WHAT YOU HAVE TO DO -> Extract the full listing verbatim and drop any pictures from your copy.

EXTRACTED RECORDS ->
[Start of Attachment]

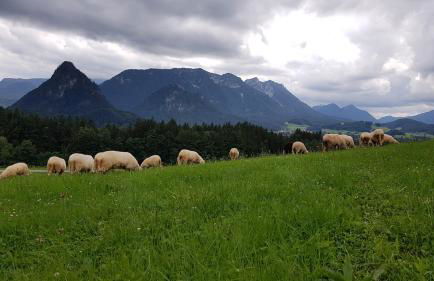 Ferienwohnung Hinterpommern - Chiemgaukarte - Foto 12
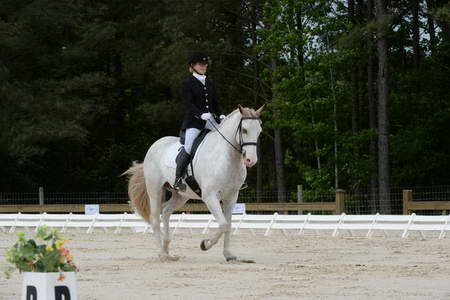 So8ths-5-3-13-Dressage-4865-LaurieWettstone-Moonstruck-DDeRosaPhoto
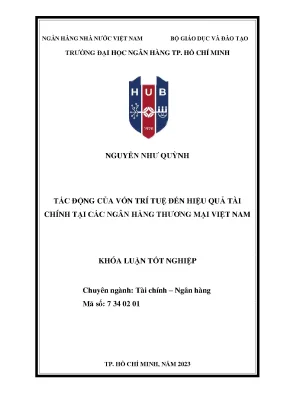 Tác động của vốn trí tuệ đến hiệu quả tài chính tại các ngân hàng thương mại việt nam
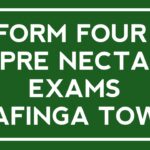 Mafinga Town Pre Necta Exams 2024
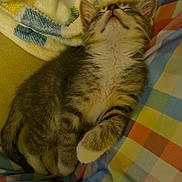 Fluffy joined the competition — help win amazing prizes! animal, blanket, cat, cozy, cute, domestic_cat, fur, furry, indoor, kitten, nap, paw, pet, relaxed, resting, sleeping, soft, striped, tabby, young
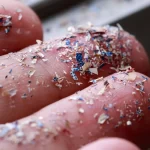 Enjambres de robots diminutos limpian microplásticos y microbios de forma simultánea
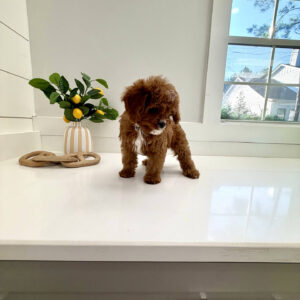 Yacht - F Cavapoo Puppy - BPPP Litter --_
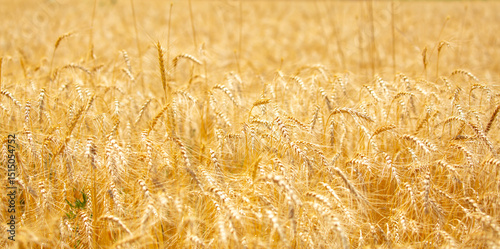 Wheat field on a sunny day. Grain farming, ears of wheat close-up. Agriculture, growing food products.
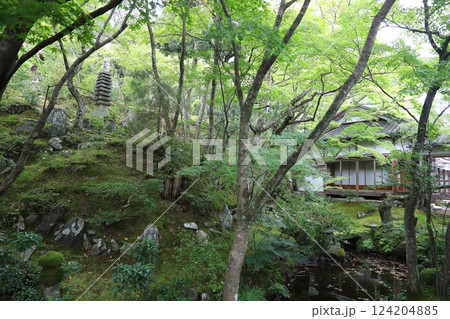 常寂光寺　京都　嵯峨野　嵐山 124204885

[End of Attachment]

PROBLEM SOLUTION ->
 Ferienwohnung Hinterpommern - Chiemgaukarte - Foto 12
 So8ths-5-3-13-Dressage-4865-LaurieWettstone-Moonstruck-DDeRosaPhoto
 Tác động của vốn trí tuệ đến hiệu quả tài chính tại các ngân hàng thương mại việt nam
 Mafinga Town Pre Necta Exams 2024
 Fluffy joined the competition — help win amazing prizes! animal, blanket, cat, cozy, cute, domestic_cat, fur, furry, indoor, kitten, nap, paw, pet, relaxed, resting, sleeping, soft, striped, tabby, young
 Enjambres de robots diminutos limpian microplásticos y microbios de forma simultánea
 Yacht - F Cavapoo Puppy - BPPP Litter --_
 Wheat field on a sunny day. Grain farming, ears of wheat close-up. Agriculture, growing food products.
 常寂光寺　京都　嵯峨野　嵐山 124204885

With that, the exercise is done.